Supplied entries =>
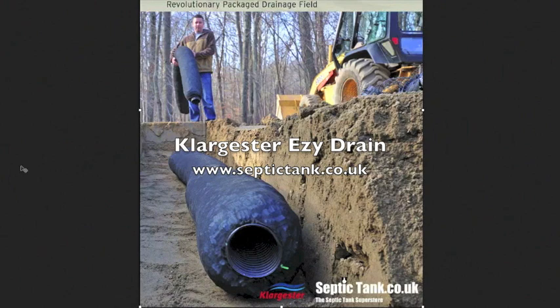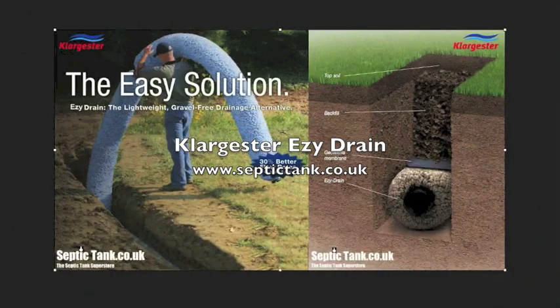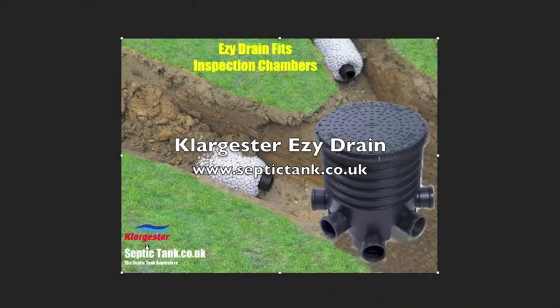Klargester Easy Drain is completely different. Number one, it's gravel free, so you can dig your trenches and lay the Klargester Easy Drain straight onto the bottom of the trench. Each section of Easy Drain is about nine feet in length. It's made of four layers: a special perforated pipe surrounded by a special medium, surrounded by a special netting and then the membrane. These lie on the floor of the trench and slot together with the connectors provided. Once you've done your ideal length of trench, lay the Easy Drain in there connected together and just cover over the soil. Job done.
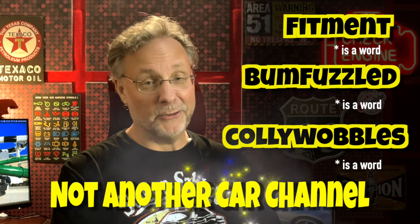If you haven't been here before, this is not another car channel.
==
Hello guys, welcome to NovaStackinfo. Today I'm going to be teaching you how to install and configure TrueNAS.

Directions => Copy out the listing above from the line containing "Klargester Easy Drain is" to the line containing "If you haven't", both included, exactly as written and minus the images.

Exercise output =>
Klargester Easy Drain is completely different. Number one, it's gravel free, so you can dig your trenches and lay the Klargester Easy Drain straight onto the bottom of the trench. Each section of Easy Drain is about nine feet in length. It's made of four layers: a special perforated pipe surrounded by a special medium, surrounded by a special netting and then the membrane. These lie on the floor of the trench and slot together with the connectors provided. Once you've done your ideal length of trench, lay the Easy Drain in there connected together and just cover over the soil. Job done.
If you haven't been here before, this is not another car channel.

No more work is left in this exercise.